#### [EXERCISE GOAL]
Copy every line of the data below exactly as given, except for the pictures.

#### [THE DATA]
============
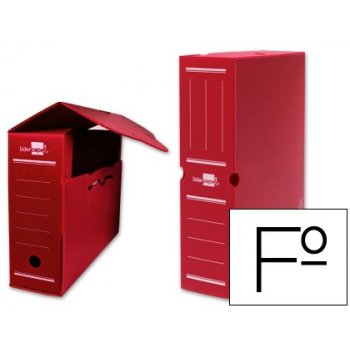 Caja archivo definitivo plastico liderpapel rojo tamaño 36x26x10 cm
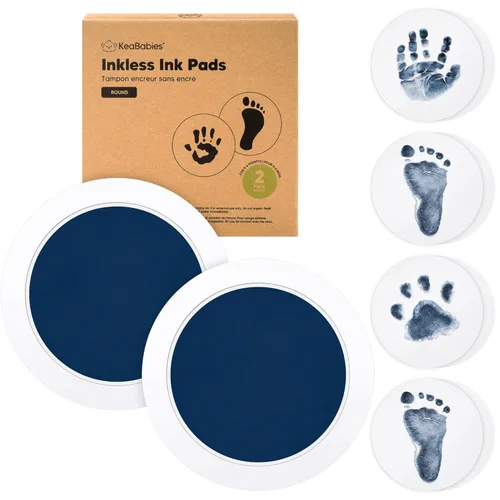 Miniatura 29 de Kit de Huellas de Manos y Pies de Bebé Sin Tinta Redondo de 2 Piezas - Almohadilla de Tinta Sin Desorden para Recuerdo de Recién Nacido, Kit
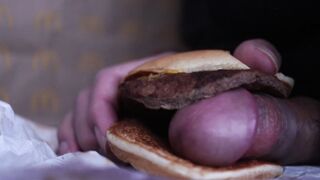 close up - shagging a cheeseburger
============
#### [TASK OUTPUT]
 Caja archivo definitivo plastico liderpapel rojo tamaño 36x26x10 cm
 Miniatura 29 de Kit de Huellas de Manos y Pies de Bebé Sin Tinta Redondo de 2 Piezas - Almohadilla de Tinta Sin Desorden para Recuerdo de Recién Nacido, Kit
 close up - shagging a cheeseburger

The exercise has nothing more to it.